Page MenuHome

BLF: Remove Fixed Pitch Code
Needs ReviewPublic

Authored by Harley Acheson (harley) on Dec 19 2021, 2:25 AM.

Details

Summary

Simplification of code by removing redundant functions that are
specific to the drawing of fixed-pitch (monospaced) text.


We have some unnecessary duplicated font functions. We have BLF_draw and we also have BLF_draw_mono with the latter used only for fixed-pitched use, while the former works for either fixed or proportional fonts. The same goes for blf_font_draw and blf_font_draw_mono. You might think there is some optimization with monospace text, but there really is not. In order to print any character we need to load a GlyphBLF and it contains an integer advance that works for fixed or monospaced and is no slower to access than reading this from somewhere else.

To illustrate this confusion we currently call BLF_draw_mono four times. Yet we call BLF_draw with the *"blf_mono_font"* 19 times. So we are far more likely to draw mono text using the regular call, probably because the "mono" version was not noticed. But they work the same anyway. It is nice to remove this complication and extra code.

As part of this I also removed text_font_draw_character_utf8 as this was a duplication of text_font_draw_character, but specific to single codepoints specified by a UTF-8 sequence and with slightly different arguments. This patch just makes text_font_draw_character work with any single character or sequence.

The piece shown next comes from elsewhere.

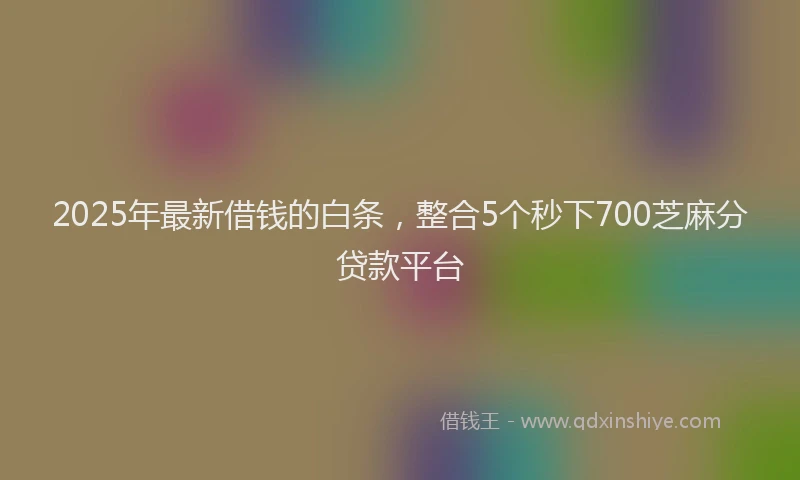 2025年最新借钱的白条，整合5个秒下700芝麻分贷款平台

Summary showing how much code is removed:

source/blender/blenfont/BLF_api.h             |  1 -
source/blender/blenfont/intern/blf.c          | 18 -----------
source/blender/blenfont/intern/blf_font.c     | 37 ---------------------
source/blender/blenfont/intern/blf_internal.h |  4 ---
source/blender/editors/space_info/textview.c  |  4 +--
source/blender/editors/space_text/text_draw.c | 46 +++++++++------------------
6 files changed, 17 insertions(+), 93 deletions(-)

Diff Detail

Repository
rB Blender

Event Timeline

Updated to current state of master.

Updated to the current state of master.

Mono-spaced drawing uses BLI_wcwidth unlike drawing regular fonts.
This is needed so drawing matches other font width calculations that call BLI_wcwidth internally (e.g. BLI_str_utf8_char_width_safe).

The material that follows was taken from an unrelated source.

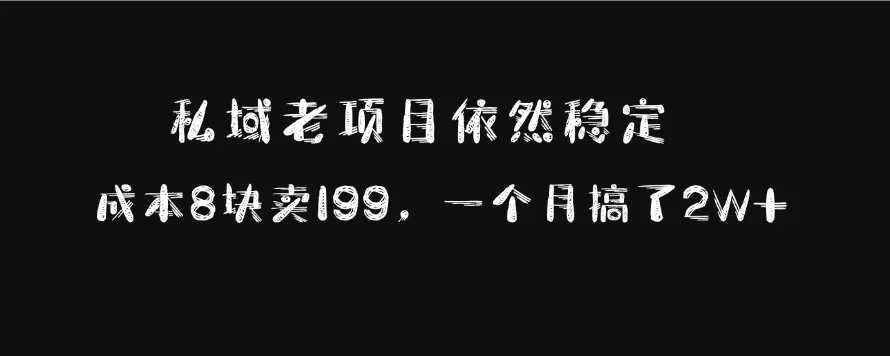 私域老项目依然稳定，成本8块卖199，一个月搞了2W+-铁虎资源网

From a quick check this causes selection & cursor not to match the text displayed (some text in https://www.w3.org/2001/06/utf-8-test/UTF-8-demo.html for e.g).

Also the patch causes this text below to render cramped (as well as not matching the cursor position).

Chinese: 我能吞下玻璃而不伤身体。
Chinese (Traditional): 我能吞下玻璃而不傷身

So I think it's best the functionality is left working as-is.


Requesting changes although any refactoring to this area would probably be better submitted as a separate patch.

Campbell Barton (campbellbarton) requested changes to this revision.Feb 4 2022, 3:42 AM
This revision now requires changes to proceed.Feb 4 2022, 3:42 AM
Harley Acheson (harley) planned changes to this revision.Feb 4 2022, 7:27 PM

campbellbarton
Mono-spaced drawing uses BLI_wcwidth unlike drawing regular fonts.
...
So I think it's best the functionality is left working as-is.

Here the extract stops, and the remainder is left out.